▸ Excerpted data:
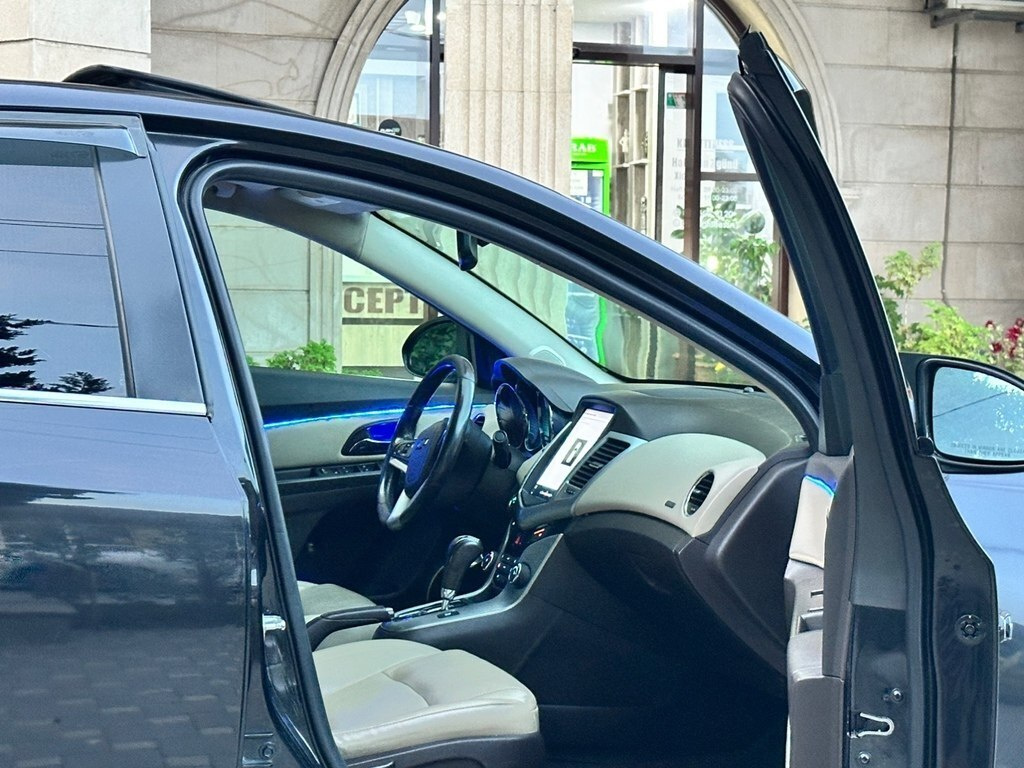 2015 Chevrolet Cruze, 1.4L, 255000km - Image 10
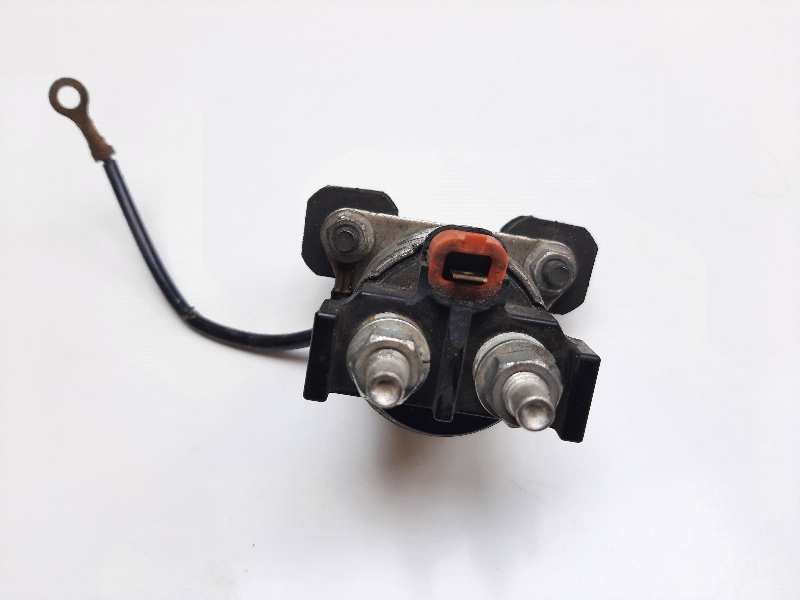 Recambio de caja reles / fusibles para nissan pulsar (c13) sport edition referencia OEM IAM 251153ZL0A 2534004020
* * *
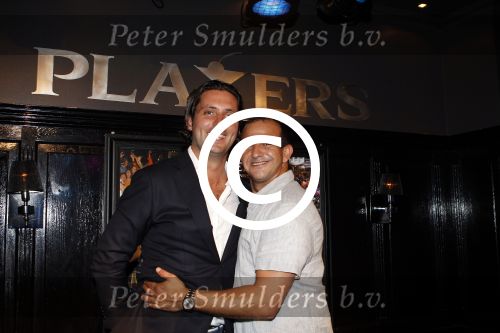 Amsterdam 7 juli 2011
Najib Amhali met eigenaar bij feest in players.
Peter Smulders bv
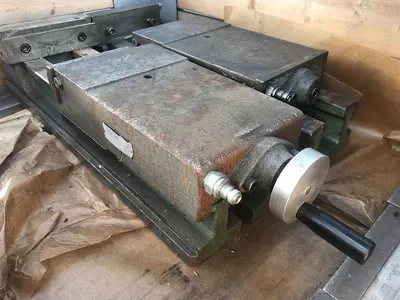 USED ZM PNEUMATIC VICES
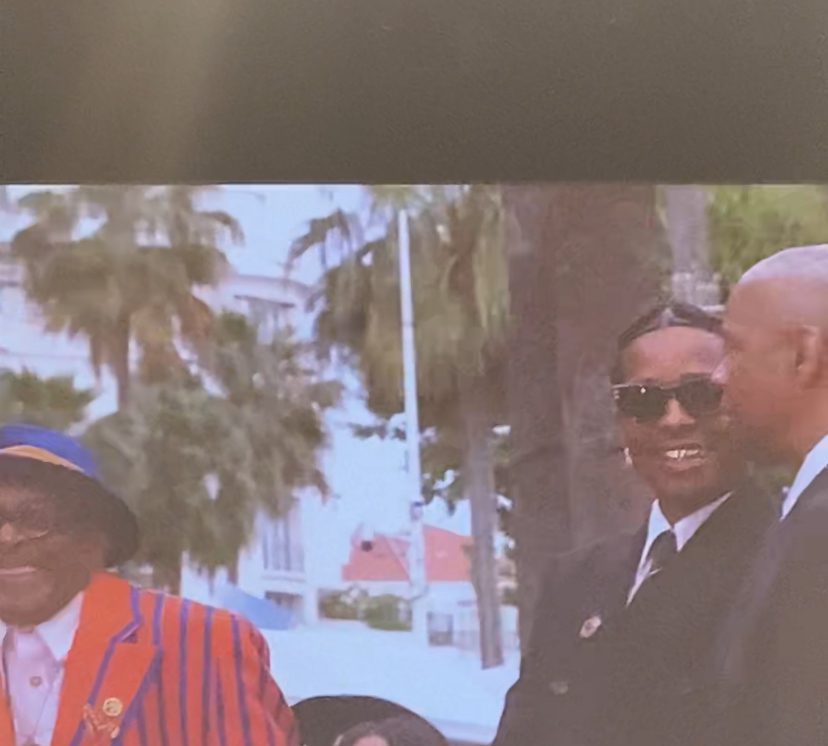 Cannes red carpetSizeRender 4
* * *
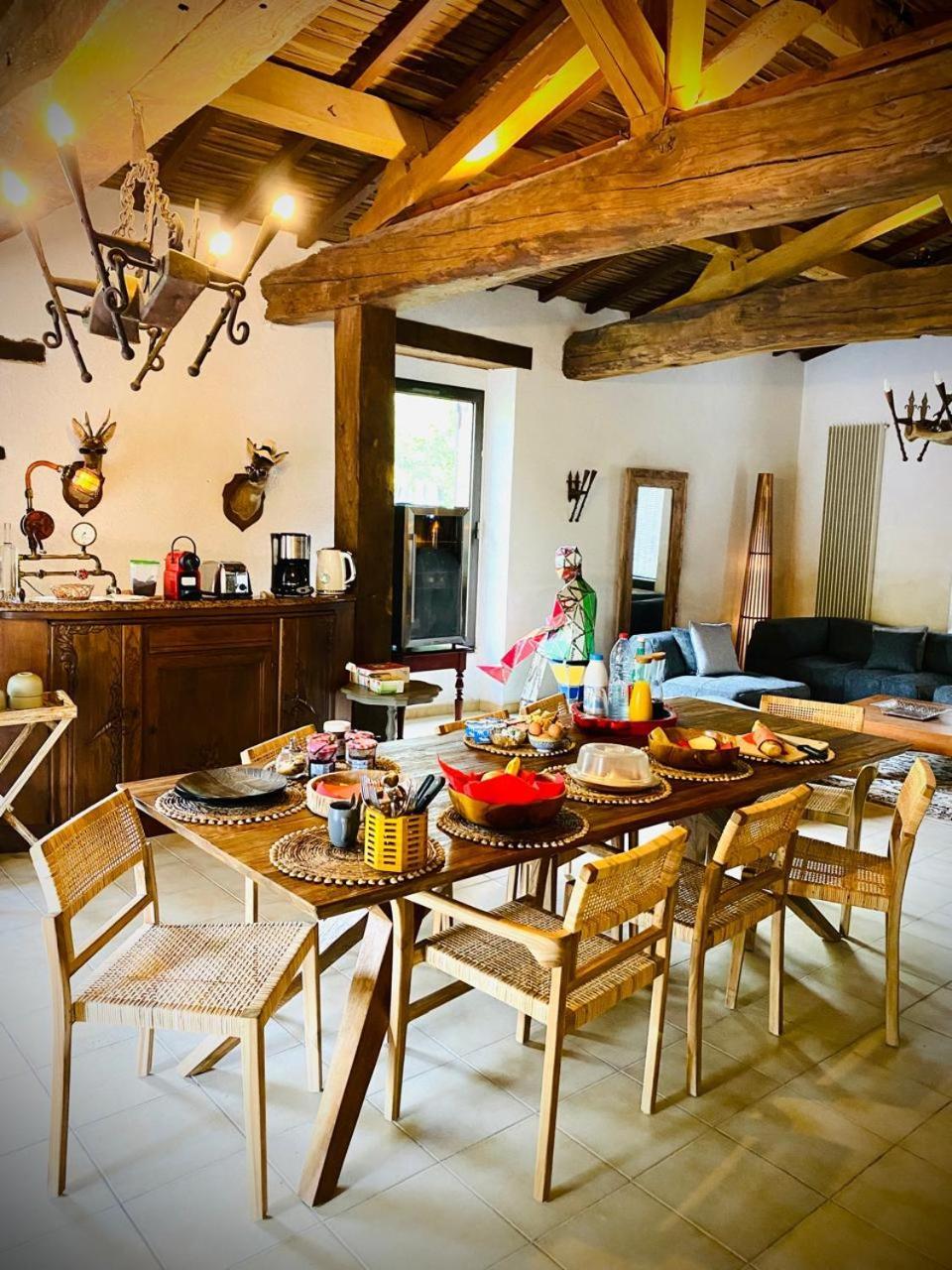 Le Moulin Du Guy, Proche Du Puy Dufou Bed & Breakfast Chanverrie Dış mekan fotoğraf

▸ Required work: With the pictures removed from your copy, retype the lines above from the one that contains "2015 Chevrolet Cruze, 1.4L, 255000km" through the one that contains "Recambio de caja", exactly.

▸ Result below:
 2015 Chevrolet Cruze, 1.4L, 255000km - Image 10
 Recambio de caja reles / fusibles para nissan pulsar (c13) sport edition referencia OEM IAM 251153ZL0A 2534004020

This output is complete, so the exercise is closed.